#### [Exercise instructions]
Repeat exactly the line that contains "Buy engagement ring" and every line below it to the end of the material, omitting all others.

#### [Exercise materials]
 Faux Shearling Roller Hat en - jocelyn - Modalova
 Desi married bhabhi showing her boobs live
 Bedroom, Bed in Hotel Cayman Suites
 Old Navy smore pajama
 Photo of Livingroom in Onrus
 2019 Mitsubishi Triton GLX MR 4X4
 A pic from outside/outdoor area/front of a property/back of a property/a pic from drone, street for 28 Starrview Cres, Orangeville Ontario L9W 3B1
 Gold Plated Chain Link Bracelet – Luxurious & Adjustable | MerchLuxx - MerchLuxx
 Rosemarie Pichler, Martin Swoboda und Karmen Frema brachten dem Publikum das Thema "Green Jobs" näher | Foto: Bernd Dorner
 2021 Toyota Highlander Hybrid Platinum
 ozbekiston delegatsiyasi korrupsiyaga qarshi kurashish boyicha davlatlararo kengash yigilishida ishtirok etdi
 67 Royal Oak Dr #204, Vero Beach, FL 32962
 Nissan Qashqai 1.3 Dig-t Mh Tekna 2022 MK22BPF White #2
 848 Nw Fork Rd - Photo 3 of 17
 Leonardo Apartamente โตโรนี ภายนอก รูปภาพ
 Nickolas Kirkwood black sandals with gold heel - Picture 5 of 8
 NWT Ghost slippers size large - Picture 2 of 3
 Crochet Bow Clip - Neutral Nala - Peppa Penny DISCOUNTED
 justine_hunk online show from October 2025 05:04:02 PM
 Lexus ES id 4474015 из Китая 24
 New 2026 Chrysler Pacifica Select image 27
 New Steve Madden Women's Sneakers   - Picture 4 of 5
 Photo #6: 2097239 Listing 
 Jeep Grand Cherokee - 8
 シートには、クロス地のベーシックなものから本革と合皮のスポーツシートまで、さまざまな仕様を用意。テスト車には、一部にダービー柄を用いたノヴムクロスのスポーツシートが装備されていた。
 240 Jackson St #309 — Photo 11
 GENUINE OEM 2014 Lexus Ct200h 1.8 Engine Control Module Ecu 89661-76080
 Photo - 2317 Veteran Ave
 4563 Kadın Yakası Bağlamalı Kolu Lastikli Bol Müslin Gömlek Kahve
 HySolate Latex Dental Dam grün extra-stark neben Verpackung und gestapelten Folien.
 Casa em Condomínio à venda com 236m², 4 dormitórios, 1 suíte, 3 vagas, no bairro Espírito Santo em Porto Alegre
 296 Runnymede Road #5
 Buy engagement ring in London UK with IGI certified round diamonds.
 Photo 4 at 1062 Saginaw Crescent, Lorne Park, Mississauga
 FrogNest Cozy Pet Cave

#### [Response below]
 Buy engagement ring in London UK with IGI certified round diamonds.
 Photo 4 at 1062 Saginaw Crescent, Lorne Park, Mississauga
 FrogNest Cozy Pet Cave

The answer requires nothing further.